As generative AI models and their hosting containers grow in size and complexity, scaling these models efficiently for inference becomes increasingly challenging. Until now, each time SageMaker scaled up an inference endpoint by adding new instances, it needed to pull the container image (often several tens of gigabytes in size) from Amazon Elastic Container Registry (Amazon ECR), a process that could take minutes. For generative AI models requiring multiple instances to handle high-throughput inference requests, this added significant overhead to the total scaling time, potentially impacting application performance during traffic spikes.

Container Caching addresses this scaling challenge by pre-caching the container image, eliminating the need to download it when scaling up. This new feature brings several key benefits for generative AI inference workloads: dramatically faster scaling to handle traffic spikes, improved resource utilization on GPU instances, and potential cost savings through more efficient scaling and reduced idle time during scale-up events. These benefits are particularly impactful for popular frameworks and tools like vLLM-powered LMI, Hugging Face TGI, PyTorch with TorchServe, and NVIDIA Triton, which are widely used in deploying and serving generative AI models on SageMaker inference.

In our tests, we’ve seen substantial improvements in scaling times for generative AI model endpoints across various frameworks. The implementation of Container Caching for running Llama3.1 70B model showed significant and consistent improvements in end-to-end (E2E) scaling times. We ran 5+ scaling simulations and observed consistent performance with low variations across trials. When scaling the model on an available instance, the E2E scaling time was reduced from 379 seconds (6.32 minutes) to 166 seconds (2.77 minutes), resulting in an absolute improvement of 213 seconds (3.55 minutes), or a 56% reduction in scaling time. This enhancement allows customers running high-throughput production workloads to handle sudden traffic spikes more efficiently, providing more predictable scaling behavior and minimal impact on end-user latency across their ML infrastructure, regardless of the chosen inference framework.

In this post, we explore the new Container Caching feature for SageMaker inference, addressing the challenges of deploying and scaling large language models (LLMs). We discuss how this innovation significantly reduces container download and load times during scaling events, a major bottleneck in LLM and generative AI inference. You’ll learn about the key benefits of Container Caching, including faster scaling, improved resource utilization, and potential cost savings. We showcase its real-world impact on various applications, from chatbots to content moderation systems. We then guide you through getting started with Container Caching, explaining its automatic enablement for SageMaker provided DLCs and how to reference cached versions. Finally, we delve into the supported frameworks, with a focus on LMI, PyTorch, Hugging Face TGI, and NVIDIA Triton, and conclude by discussing how this feature fits into our broader efforts to enhance machine learning (ML) workloads on AWS.

This feature is only supported when using inference components. For more information on inference components, see Reduce model deployment costs by 50% on average using the latest features of Amazon SageMaker.

The challenge of deploying LLMs for inference

As LLMs and their respective hosting containers continue to grow in size and complexity, AI and ML engineers face increasing challenges in deploying and scaling these models efficiently for inference. The rapid evolution of LLMs, with some models now using hundreds of billions of parameters, has led to a significant increase in the computational resources and sophisticated infrastructure required to run them effectively.

One of the primary bottlenecks in the deployment process is the time required to download and load containers when scaling up endpoints or launching new instances. This challenge is particularly acute in dynamic environments where rapid scaling is crucial to maintain service quality. The sheer size of these containers, often ranging from several gigabytes to tens of gigabytes, can lead to substantial delays in the scaling process.

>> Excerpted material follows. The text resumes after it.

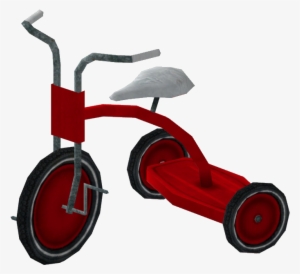 Tricycle - Tricycle Png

When a scale-up event occurs, several actions take place, each contributing to the total time between triggering a scale-up event and serving traffic from the newly added instances. These actions typically include:

  • Provisioning new compute resources
  • Downloading container image
  • Loading container image
  • Loading the model weights into memory
  • Initializing the inference runtime
  • Shifting traffic to serve new requests

The cumulative time for these steps can range from several minutes to tens of minutes, depending on the model size, runtime used by the model, and infrastructure capabilities. This delay can lead to suboptimal user experiences and potential service degradation during traffic spikes, making it a critical area for optimization in the field of AI inference infrastructure.

The introduction of Container Caching for SageMaker DLCs brings several key benefits for inference workloads:

  • Faster scaling – By having the latest DLCs pre-cached, the time required to scale inference endpoints in response to traffic spikes is substantially reduced. This provides a more consistent and responsive experience for inference hosting, allowing systems to adapt quickly to changing demand patterns. ML engineers can now design more aggressive auto scaling policies, knowing that new instances can be brought online in a fraction of the time previously required.
  • Quick endpoint startup – Using pre-cached containers significantly decreases the startup time for new model deployments. This acceleration in the deployment pipeline enables more frequent model updates and iterations, fostering a more agile development cycle. AI and ML engineers can now move from model training to production deployment with unprecedented speed, reducing time-to-market for new AI features and improvements.
  • Improved resource utilization – Container Caching minimizes idle time on expensive GPU instances during the initialization phase. Instead of waiting for container downloads, these high-performance resources can immediately focus on inference tasks. This optimization provides more efficient use of computational resources, potentially allowing for higher throughput and better cost-effectiveness.
  • Cost savings – The cumulative effect of faster deployments and more efficient scaling can lead to significant reductions in overall inference costs. By minimizing idle time and improving resource utilization, organizations can potentially serve the same workload with fewer instances or handle increased demand without proportional increases in infrastructure costs. Additionally, the improved responsiveness can lead to better user experiences, potentially driving higher engagement and revenue in customer-facing applications.
  • Enhanced compatibility – By focusing on the latest SageMaker DLCs, this caching mechanism makes sure users always have quick access to the most recent and optimized environments for their models. This can be particularly beneficial for teams working with cutting-edge AI technologies that require frequent updates to the underlying frameworks and libraries.

Container Caching represents a significant advancement in AI inference infrastructure. It addresses a critical bottleneck in the deployment process, empowering organizations to build more responsive, cost-effective, and scalable AI systems.

Getting started with Container Caching for inference

Container Caching is automatically enabled for popular SageMaker DLCs like LMI, Hugging Face TGI, NVIDIA Triton, and PyTorch used for inference. To use cached containers, you only need to make sure you’re using a supported SageMaker container. No additional configuration or steps are required.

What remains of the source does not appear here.